WHAT THE EXERCISE ASKS =
In the data below, begin at the line with "Tete a Coiffer, 28" and stop after the line with "Noverlla™ Men's Slim"; output those lines exactly and no pictures.

[[ MATERIAL SHOWN, beginning ]]

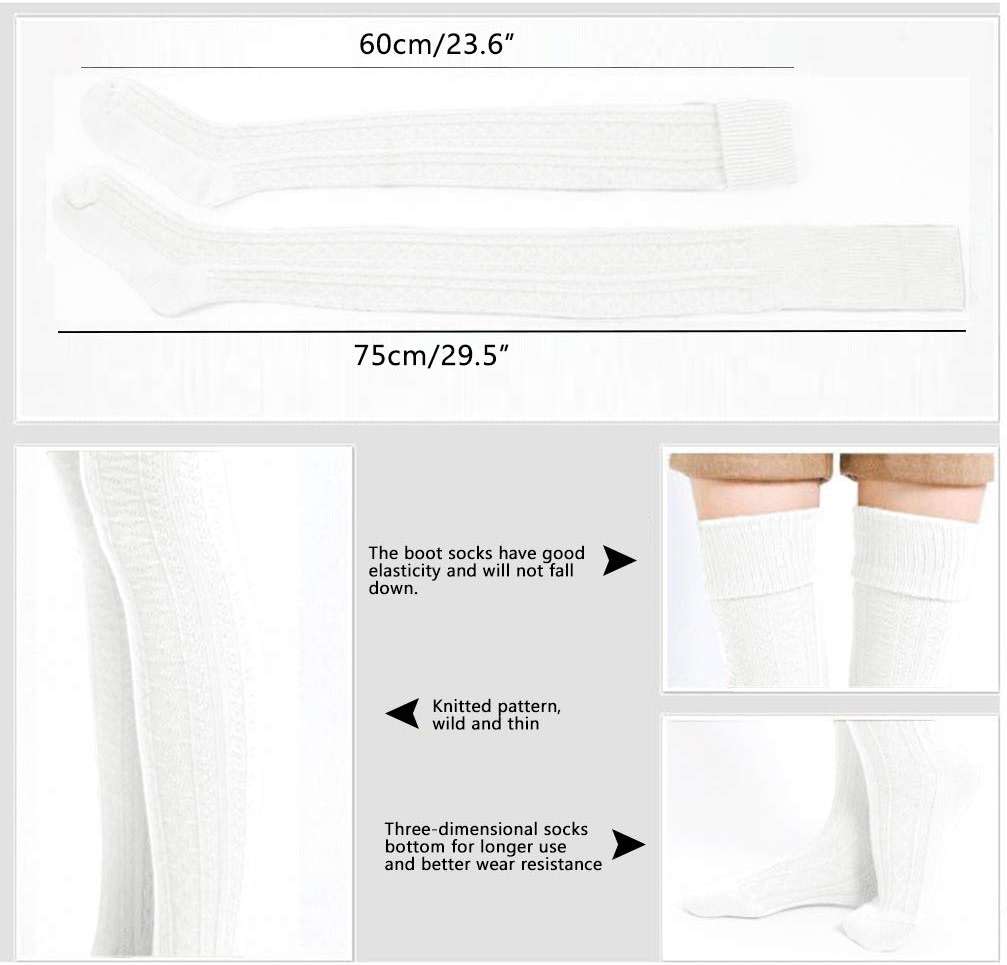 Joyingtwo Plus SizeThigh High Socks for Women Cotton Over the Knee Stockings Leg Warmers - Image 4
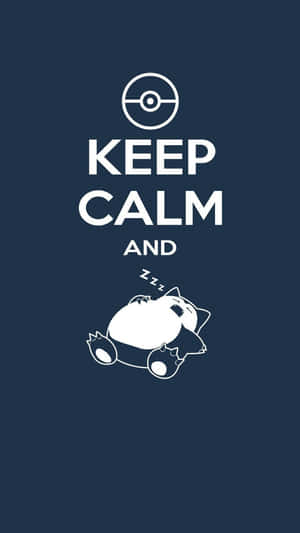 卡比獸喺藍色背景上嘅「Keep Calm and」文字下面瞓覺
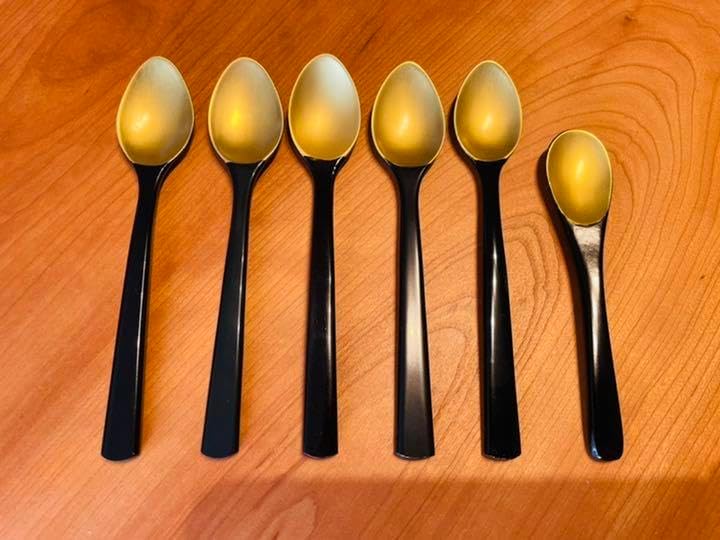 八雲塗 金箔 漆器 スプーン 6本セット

[[ MATERIAL SHOWN, end ]]
[[ MATERIAL SHOWN, beginning ]]

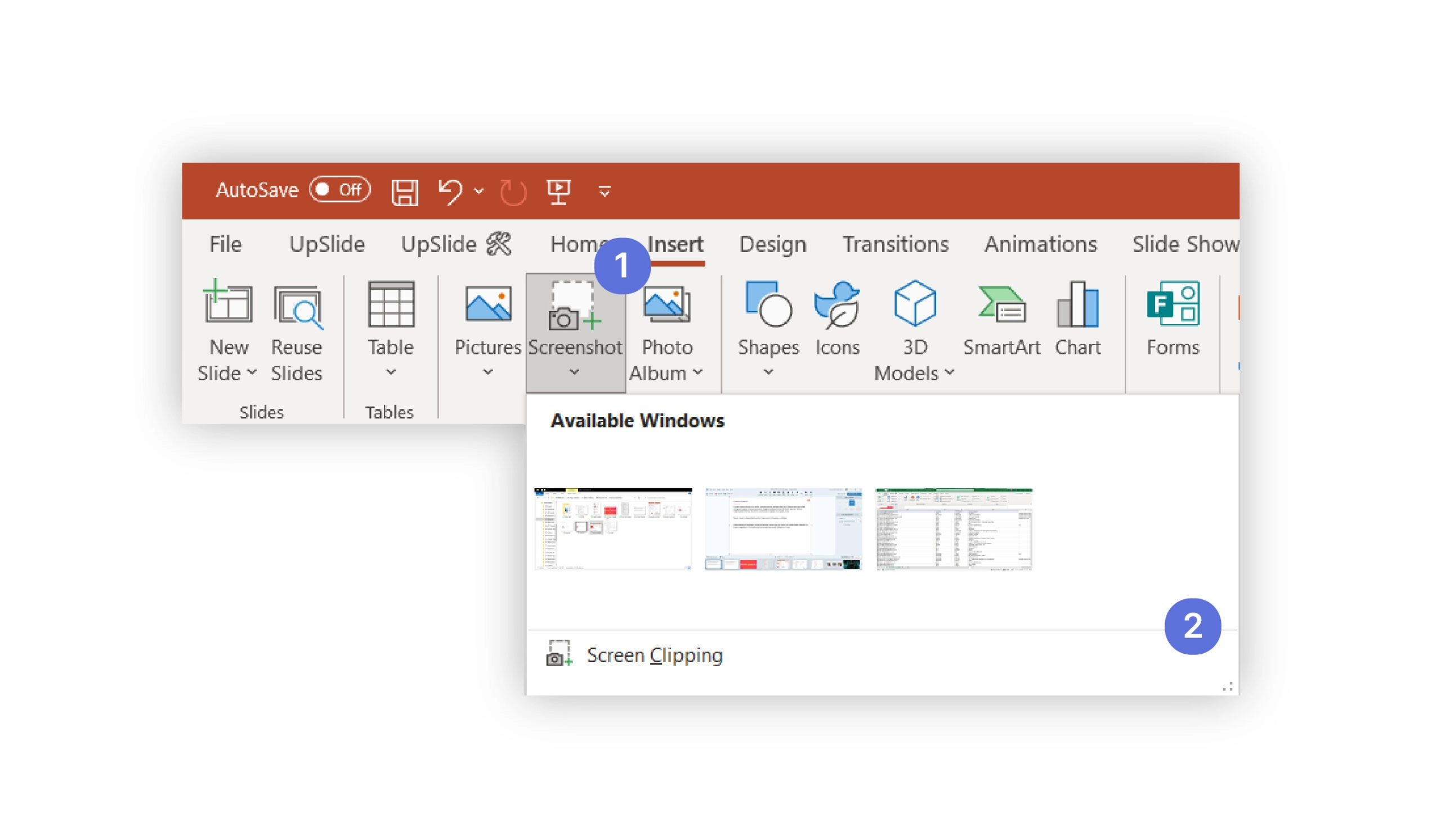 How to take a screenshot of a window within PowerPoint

[[ MATERIAL SHOWN, end ]]
[[ MATERIAL SHOWN, beginning ]]

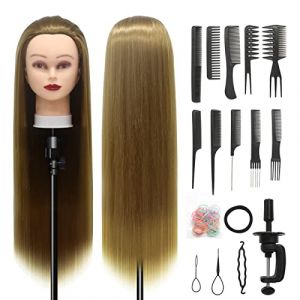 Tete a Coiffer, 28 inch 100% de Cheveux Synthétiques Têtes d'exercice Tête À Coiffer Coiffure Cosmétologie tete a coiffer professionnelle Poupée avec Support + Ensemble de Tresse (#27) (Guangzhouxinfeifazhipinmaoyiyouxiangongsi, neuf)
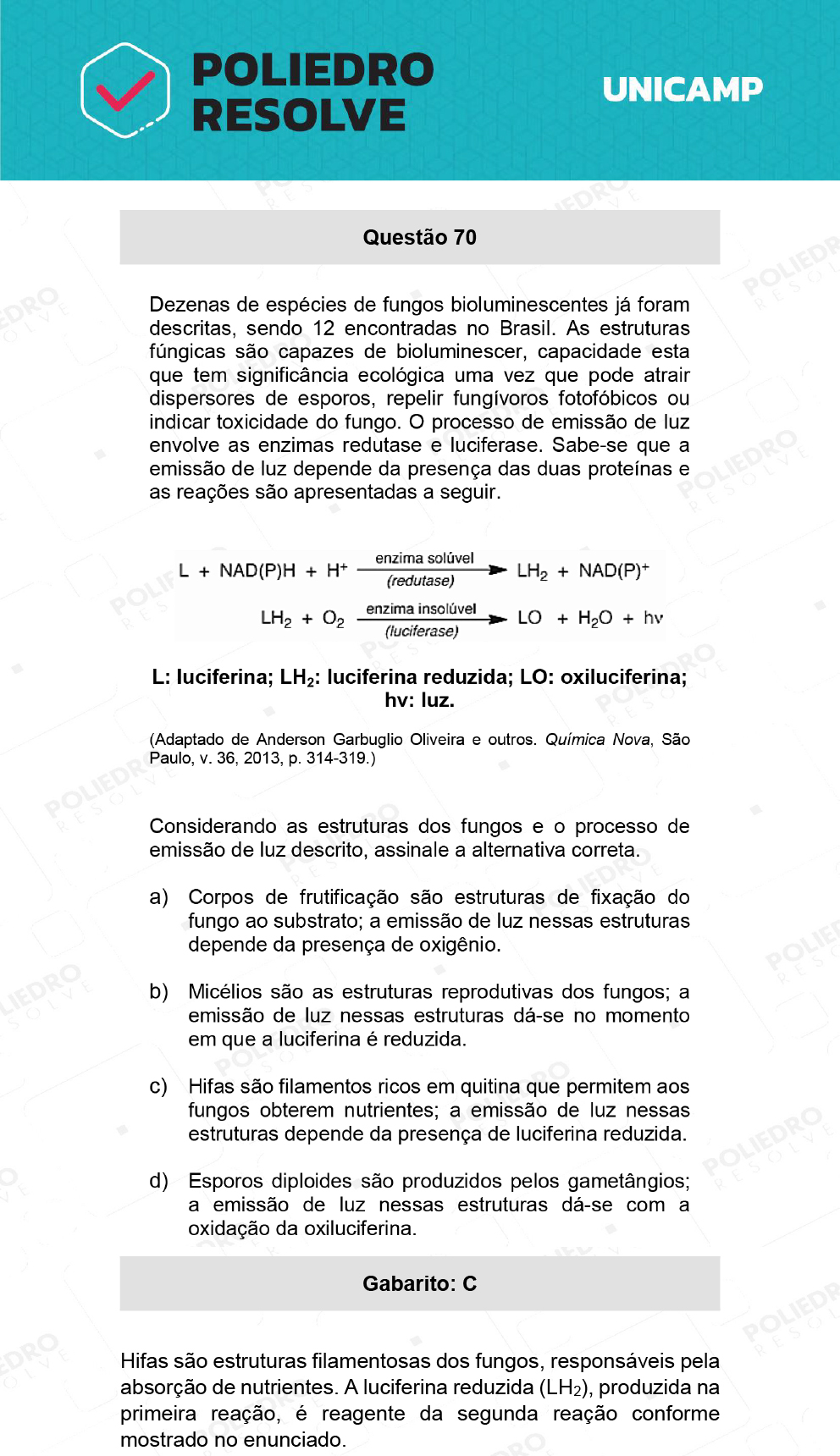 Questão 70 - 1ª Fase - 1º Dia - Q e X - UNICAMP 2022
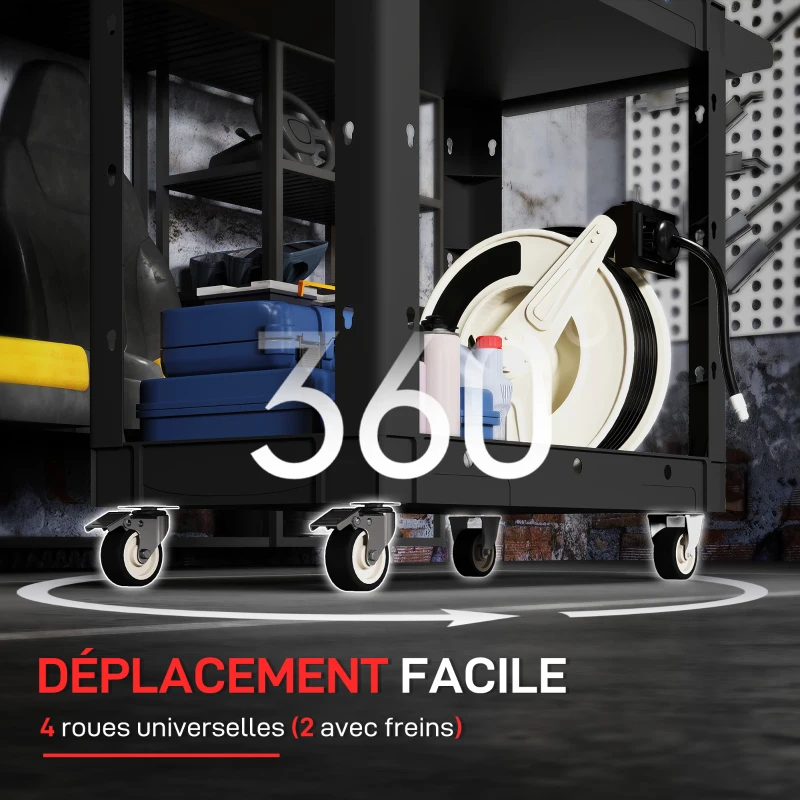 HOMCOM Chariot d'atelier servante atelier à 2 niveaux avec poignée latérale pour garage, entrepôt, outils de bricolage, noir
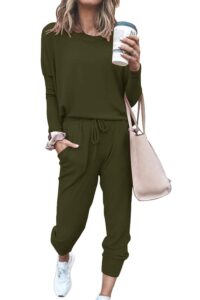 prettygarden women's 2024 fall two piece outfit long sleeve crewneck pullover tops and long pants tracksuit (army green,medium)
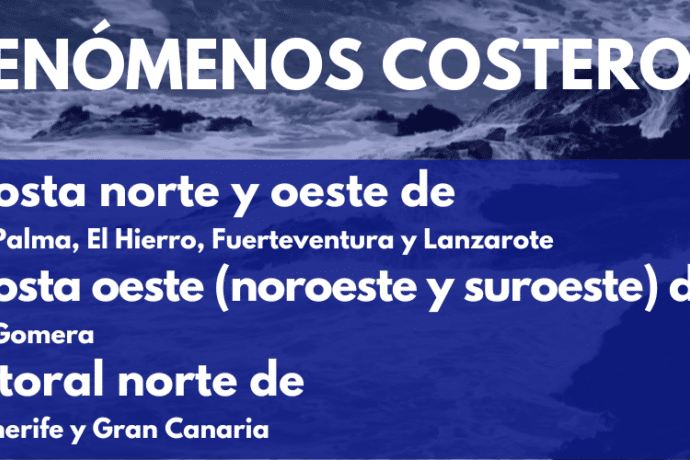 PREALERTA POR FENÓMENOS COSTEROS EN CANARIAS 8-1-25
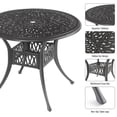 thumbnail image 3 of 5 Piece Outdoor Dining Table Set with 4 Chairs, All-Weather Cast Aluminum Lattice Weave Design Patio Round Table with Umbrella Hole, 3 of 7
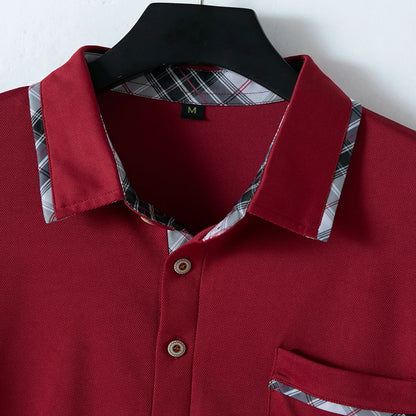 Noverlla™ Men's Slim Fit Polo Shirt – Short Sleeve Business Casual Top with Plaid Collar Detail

[[ MATERIAL SHOWN, end ]]

ANSWER TO THE EXERCISE =
 Tete a Coiffer, 28 inch 100% de Cheveux Synthétiques Têtes d'exercice Tête À Coiffer Coiffure Cosmétologie tete a coiffer professionnelle Poupée avec Support + Ensemble de Tresse (#27) (Guangzhouxinfeifazhipinmaoyiyouxiangongsi, neuf)
 Questão 70 - 1ª Fase - 1º Dia - Q e X - UNICAMP 2022
 HOMCOM Chariot d'atelier servante atelier à 2 niveaux avec poignée latérale pour garage, entrepôt, outils de bricolage, noir
 prettygarden women's 2024 fall two piece outfit long sleeve crewneck pullover tops and long pants tracksuit (army green,medium)
 PREALERTA POR FENÓMENOS COSTEROS EN CANARIAS 8-1-25
 thumbnail image 3 of 5 Piece Outdoor Dining Table Set with 4 Chairs, All-Weather Cast Aluminum Lattice Weave Design Patio Round Table with Umbrella Hole, 3 of 7
 Noverlla™ Men's Slim Fit Polo Shirt – Short Sleeve Business Casual Top with Plaid Collar Detail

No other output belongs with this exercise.